Although the authorship of the Johannine works has traditionally been attributed to John the Apostle, only a minority of contemporary scholars believe he wrote the gospel, and most conclude that he wrote none of them. Regardless of whether or not John the Apostle wrote any of the Johannine works, most scholars agree that all three epistles were written by the same author and that the epistles did not have the same author as the Book of Revelation, although there is widespread disagreement among scholars as to whether the author of the epistles was different from that of the gospel.

2. Dante begins this canto by wistfully reflecting on the possibility that the Divine Comedy will win him enough fame to be welcomed back to Florence. Should this happen, he says, he will accept his laurels (the poet's badge of honor) at the baptismal font of his Church. A new light moves toward Dante and is readily identified by Beatrice as "for whom the pilgrims travel to Galicia (in Spain)": Saint James the Greater. Turning to face Dante, James asks him to "say what hope is, and how, within your mind, / it co mes to flower, and how it came to you."

3. coram me, Latin, "before me".

4. Beatrice answers the second question on Dante's behalf, vouching for his status as a "child ... full of hope." She then leaves Dante to answer the first and third of James's questions. "Hope," Dante begins, "is that sure expectation ... of glory that will come." He then cites the psalms of King David, "that highest singer of the highest Lord," as the source of his own Christian hope.

Pleased with these answers, James next asks what Dante hopes for. What promises does he hope to see fulfilled? Citing the prophet Isaiah, Dante expresses his hope for eternal "friendship" with God and bodily resurrection after death. As the souls surrounding Dante join in a hymn of praise, a third bright light approaches. This is John (Saint John the Evangelist), who comes as a representative of love-the last and greatest of the three theological virtues.

5. Sperent in te, Latin, "They hope in you".

6. Isaiah, also known as Isaias or Esaias, was the 8th-century BC Israelite prophet after whom the Book of Isaiah is named.

The text of the Book of Isaiah refers to Isaiah as "the prophet", but the exact relationship between the Book of Isaiah and the actual prophet Isaiah is complicated. The traditional view is that all 66 chapters of the book of Isaiah were written by one man, Isaiah, possibly in two periods between 740 and 686 BC, separated by approximately 15 years. Another widely held view suggests that parts of the first half of the book (chapters 1–39) originated with the historical prophet, interspersed with prose commentaries written in the time of King Josiah 100 years later, and that the remainder of the book dates from immediately before and immediately after the end of the 6th-century BC exile in Babylon (almost two centuries after the time of the historical prophet), and that perhaps these later chapters represent the work of an ongoing school of prophets who prophesied in accordance with his prophecies.

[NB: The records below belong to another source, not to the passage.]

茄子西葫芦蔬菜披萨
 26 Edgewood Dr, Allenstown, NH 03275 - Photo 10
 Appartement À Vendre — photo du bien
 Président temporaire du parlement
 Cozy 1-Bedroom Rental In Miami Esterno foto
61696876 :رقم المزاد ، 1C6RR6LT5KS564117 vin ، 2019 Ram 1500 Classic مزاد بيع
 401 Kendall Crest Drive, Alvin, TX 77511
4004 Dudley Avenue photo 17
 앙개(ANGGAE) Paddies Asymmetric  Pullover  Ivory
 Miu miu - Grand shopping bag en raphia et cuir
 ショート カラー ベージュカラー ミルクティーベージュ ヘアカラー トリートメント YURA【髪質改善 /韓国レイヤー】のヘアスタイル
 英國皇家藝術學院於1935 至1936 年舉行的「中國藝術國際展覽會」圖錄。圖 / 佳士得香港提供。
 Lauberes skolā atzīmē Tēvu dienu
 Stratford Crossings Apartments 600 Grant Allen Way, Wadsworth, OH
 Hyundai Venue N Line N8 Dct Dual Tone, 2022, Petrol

7. According to the Zodiac, moving from Taurus to Cancer moves from April into June.

8. In medieval bestiaries, as in Physiologus, the pelican was believed to revive its dead chicks by wounding its own breast and feeding them with its blood. This self-wounding act of life-giving love was interpreted as a figure of Christ’s Passion—Christ shedding His blood to redeem humanity. Thus, the pelican became a symbol of sacrificial love, Eucharistic nourishment, and resurrection. So, when Dante calls Christ “nostro Pelicano,” he evokes:

 

Christ’s self-sacrifice on the Cross,

His nurturing of believers through the Eucharist, and

His resurrection, which gives life to the faithful.